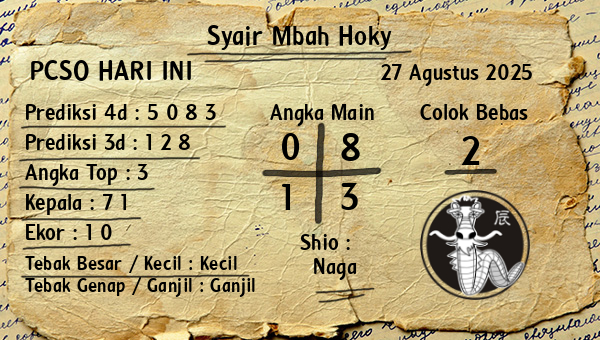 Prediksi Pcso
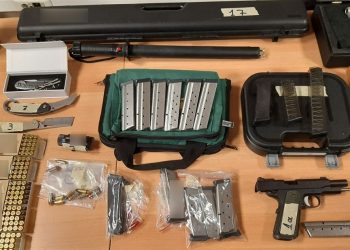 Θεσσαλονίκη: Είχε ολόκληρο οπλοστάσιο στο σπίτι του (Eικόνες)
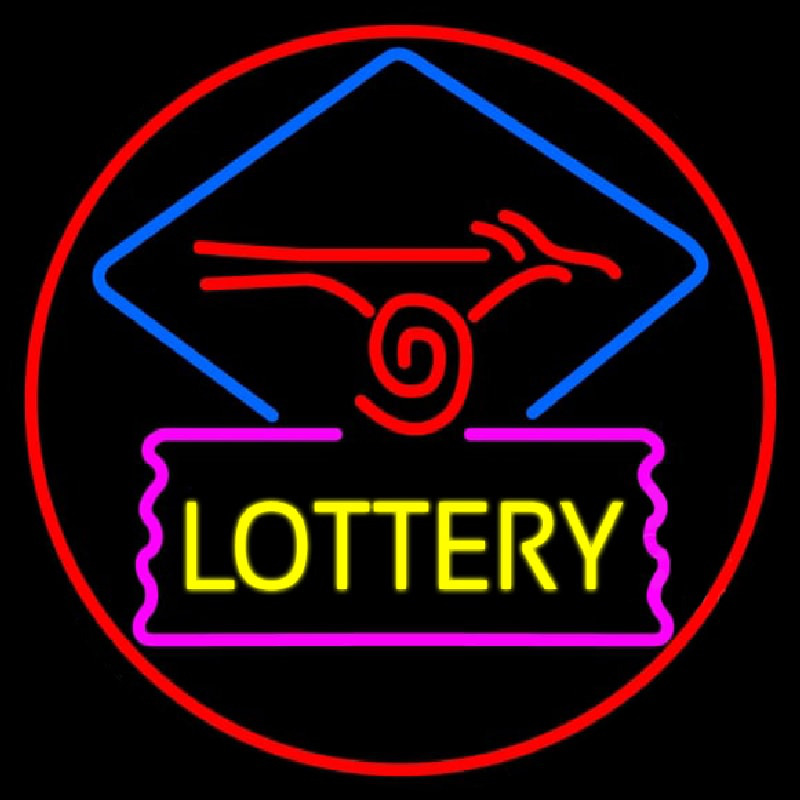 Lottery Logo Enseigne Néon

--------------------

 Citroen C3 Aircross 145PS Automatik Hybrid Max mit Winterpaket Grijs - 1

--------------------

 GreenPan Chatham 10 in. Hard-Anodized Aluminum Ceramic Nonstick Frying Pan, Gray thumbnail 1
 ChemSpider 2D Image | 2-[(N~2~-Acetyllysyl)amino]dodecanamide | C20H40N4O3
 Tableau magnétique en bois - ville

--------------------

▶ Problem to work on
Using the entries above, transcribe exactly from the line that has "Θεσσαλονίκη: Είχε ολόκληρο" through the line that has "Lottery Logo Enseigne Néon". Pictures are dropped.

▶ Task answer
 Θεσσαλονίκη: Είχε ολόκληρο οπλοστάσιο στο σπίτι του (Eικόνες)
 Lottery Logo Enseigne Néon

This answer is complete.